Created and deployed this Azure workflow to perform data extraction, cleaning, and visualization of data. Utilizing docker to containerize the entire pipeline (server, database, python code) and deploy locally or on the cloud.
- Data Extraction: Wikipedia Website
- Workflow Automation: Apache Airflow
- Database Management: PostgreSQL
- Cloud Storage: Azure Blob
- Data Transformation: Azure Data Factory
- Query Service: Azure Synapse
- Data Warehousing: Azure Databricks
- Data Visualization: Power BI
The purpose of this pipeline is to automize fetching/scraping data from Reddit post, we will be using the Reddit API, Apache Airflow to trigger tasks that run once a day, Docker to run everything in a containerized local environment, and SQL Postgres database to store the fetched data. After setting everything up locally we want this pipeline running on Cloud infrastructure which provides additional security, storage and processing capacity. I'll set up the pipeline using AWS to fully automate fetching, cleaning, and storing live data using AWS S3, AWS Lambda,AWS Glue, AWS Athena, and AWS Redshift.
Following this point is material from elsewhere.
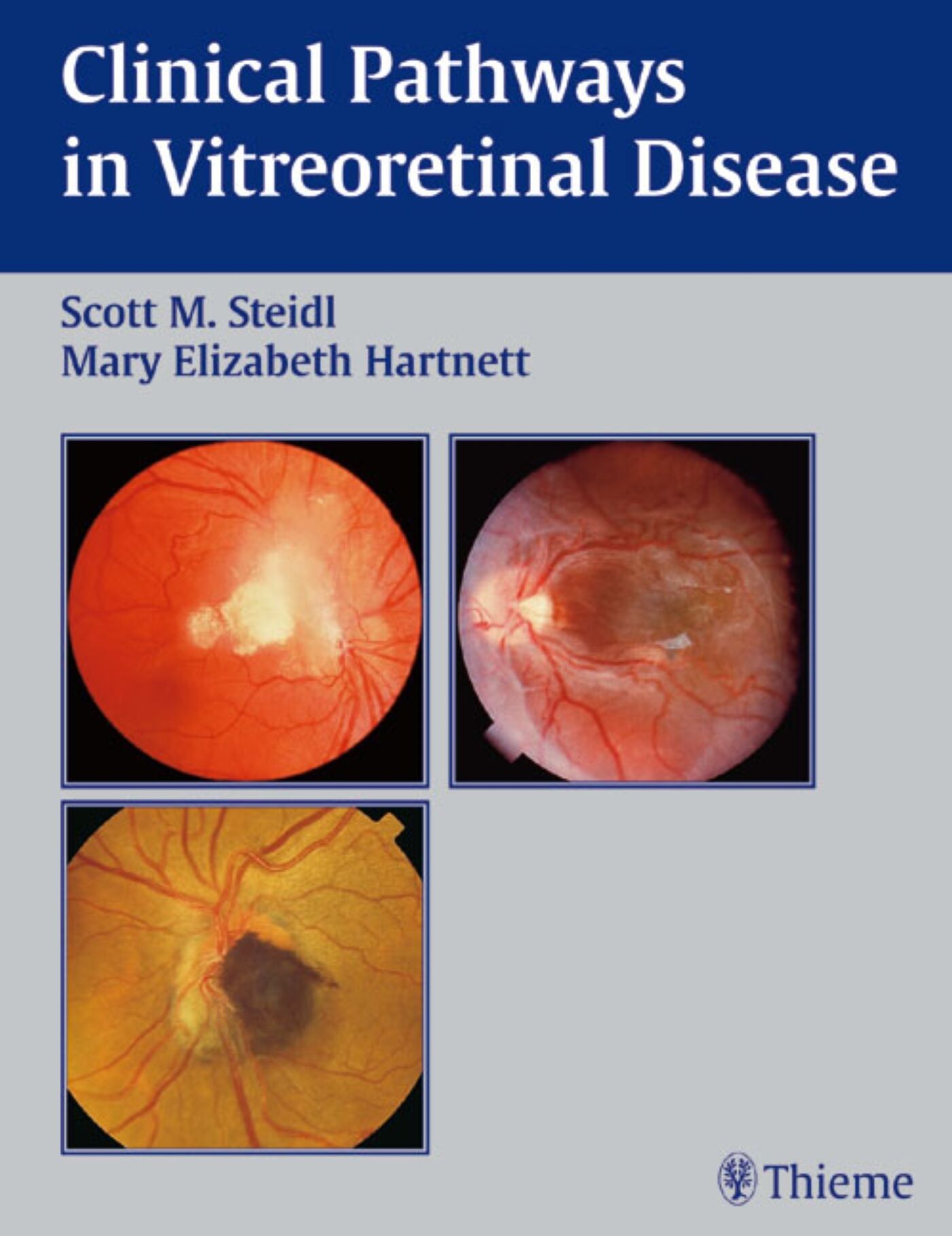 Clinical Pathways In Vitreoretinal Disease, 9781588901194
- Data Extraction: Reddit API
- Workflow Automation: Apache Airflow, Celery
- Database Management: PostgreSQL
- Cloud Storage: Amazon S3
- Data Transformation: AWS Glue, Lambda
- Query Service: Amazon Athena
- Data Warehousing: Amazon Redshift
- Data Visualization: Quicksight
Showcases my ability to integrate various technologies to create a robust and scalable data pipeline. Demonstrate my expertise in handling big data and my capabilities to deliver efficient and reliable data solutions.